→ WHAT THE TASK ASKS: Once you find the line with "Student Anjali Mishra - B.Pharm" in the data that follows, repeat it and every line after it exactly, through the line with "佳县拉丝不锈钢字的特点。".

→ EXERCISE DATA:
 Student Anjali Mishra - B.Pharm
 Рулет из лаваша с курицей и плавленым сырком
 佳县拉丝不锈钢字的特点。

* * *

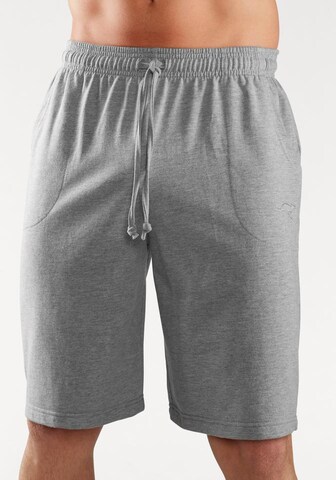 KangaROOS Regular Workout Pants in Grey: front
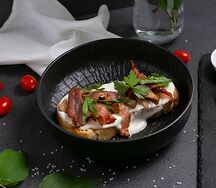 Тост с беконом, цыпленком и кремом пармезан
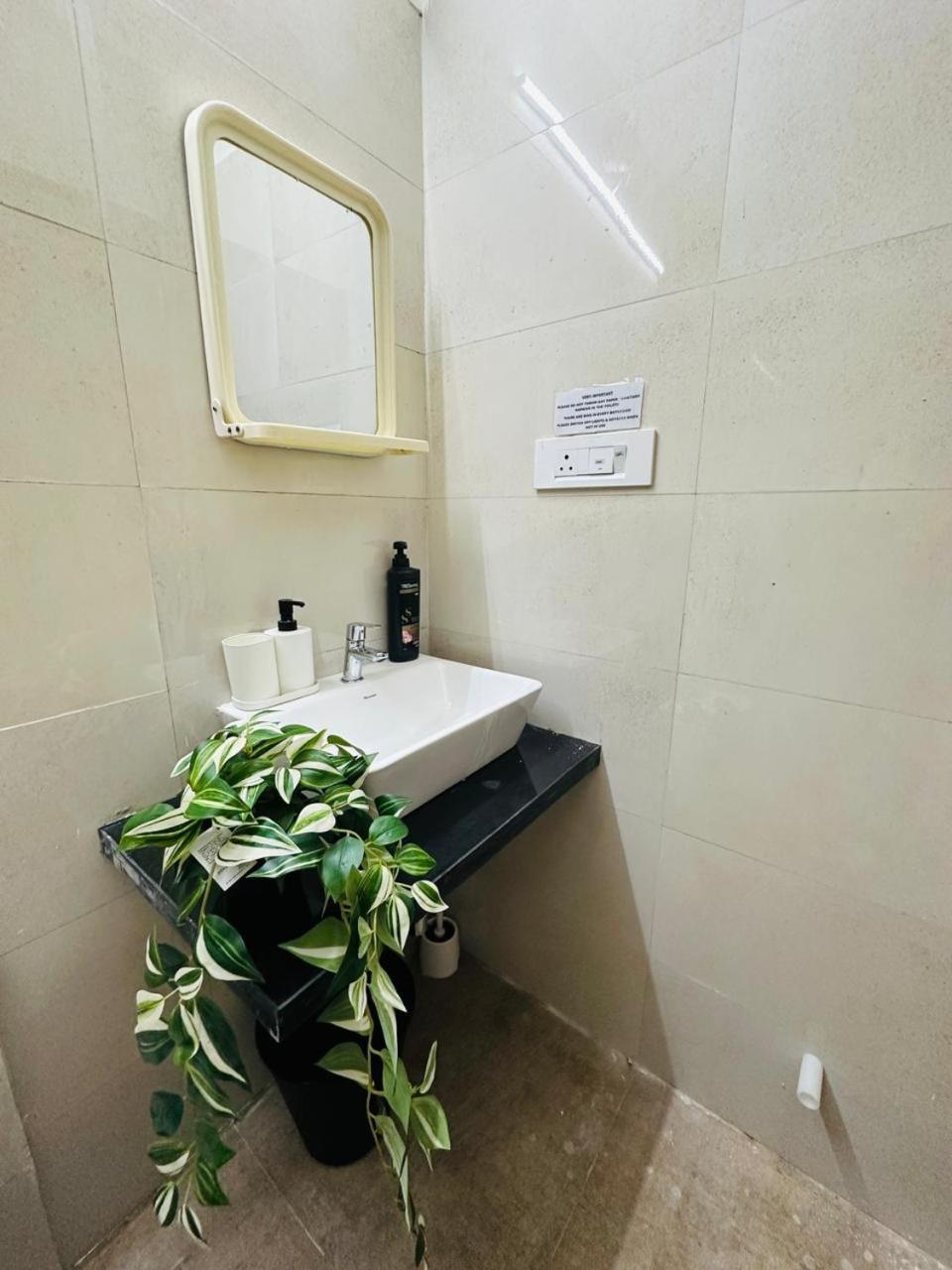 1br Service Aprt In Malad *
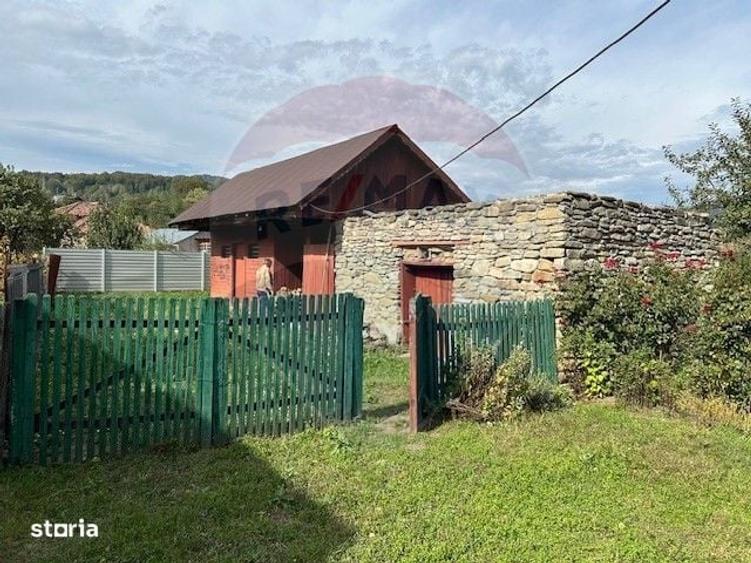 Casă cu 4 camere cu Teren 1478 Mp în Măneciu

→ SOLUTION:
 Student Anjali Mishra - B.Pharm
 Рулет из лаваша с курицей и плавленым сырком
 佳县拉丝不锈钢字的特点。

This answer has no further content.